Content starts

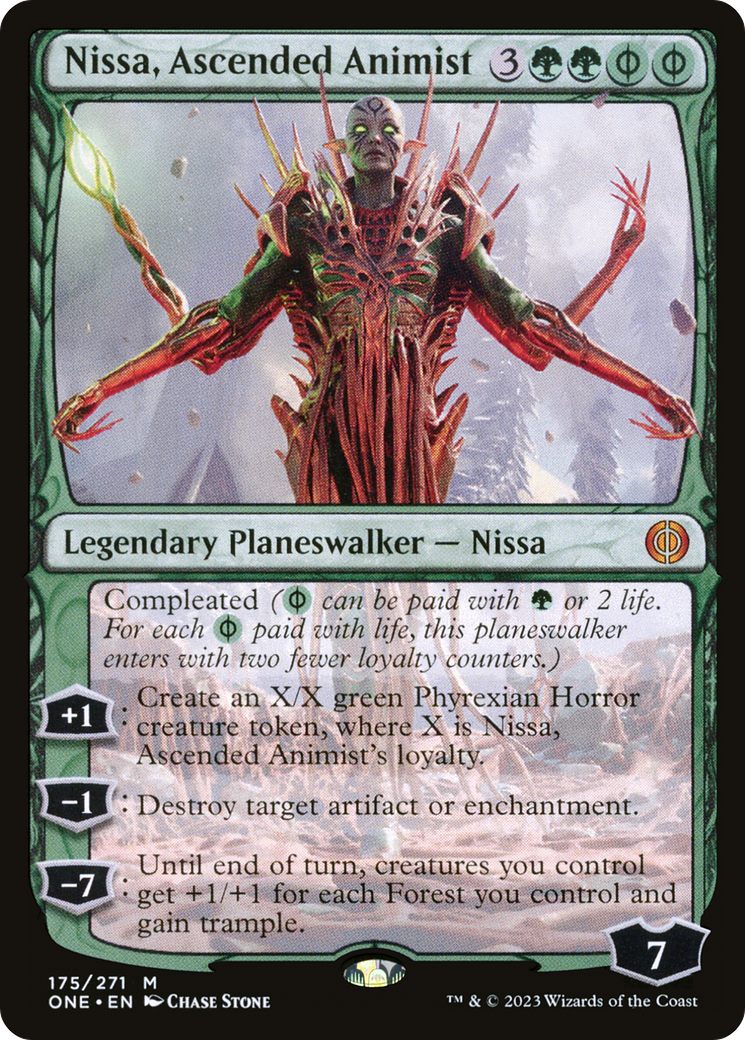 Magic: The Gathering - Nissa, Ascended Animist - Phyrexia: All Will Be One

Content ends
Content starts

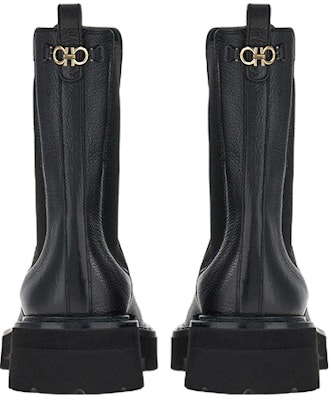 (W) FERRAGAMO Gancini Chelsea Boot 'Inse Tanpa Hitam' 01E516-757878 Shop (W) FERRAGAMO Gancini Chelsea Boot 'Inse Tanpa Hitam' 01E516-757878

Content ends
Content starts

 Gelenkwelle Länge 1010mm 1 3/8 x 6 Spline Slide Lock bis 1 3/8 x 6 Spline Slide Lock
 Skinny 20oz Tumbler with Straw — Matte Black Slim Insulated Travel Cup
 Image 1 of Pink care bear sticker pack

Content ends

_Work to complete_
For this exercise, please output exactly the lines above starting at the line with "Skinny 20oz Tumbler" and ending at the line with "Image 1 of Pink care bear sticker pack", ends included.

_Solution for this exercise_
 Skinny 20oz Tumbler with Straw — Matte Black Slim Insulated Travel Cup
 Image 1 of Pink care bear sticker pack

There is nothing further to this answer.